Years later, having fallen in love, married and settled in the town of Sonoma with their four sons, Lee and Ruth began acquiring fifty acres in three separate parcels just north of St. Helena along the valley floor. Although they hoped one day to build a family operated winery, it would be more than twenty years before they crushed fruit for production of Titus Vineyards wines. Lee and Ruth spent those years raising their sons and producing grapes for other wineries, including Charles Krug, Beaulieu Vineyards, Quail Ridge, and Pine Ridge.
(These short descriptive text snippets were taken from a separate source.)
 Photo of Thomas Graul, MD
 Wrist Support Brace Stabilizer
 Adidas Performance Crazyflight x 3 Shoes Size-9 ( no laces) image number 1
Ultimately, Lee and Ruth left the creation of Titus Vineyards wines up to their sons: Phillip works as winemaker for Titus Vineyards, while Eric manages the business and vineyards. Peter and Paul are now pursuing careers in horticulture and anthropology, respectively.
About The Vineyard:
Titus Vineyards Napa Valley Zinfandel is produced from grapes grown in our family vineyard on Silverado Trail just north of St. Helena. The 30+ year-old vines are planted on St. George rootstock and grown without irrigation or “dry-farmed”. This old-world winegrowing practice produces low yields of concentrated fruit.
Following harvest, the grapes were de-stemmed but not crushed, allowing increased control over tannin extraction by minimizing the possibility of broken skins and split seeds. Following a 48-hour cold soak to extract color and flavor, the grapes underwent a warm fermentation, with pump-overs occurring twice daily, and were pressed shortly after dryness was achieved. The free-run wine was transferred to 20% new and 80% two year old American oak barrels, where it underwent malolactic fermentation. Petite Sirah was fermented and barrel aged separately, and blended into the Zinfandel prior to bottling.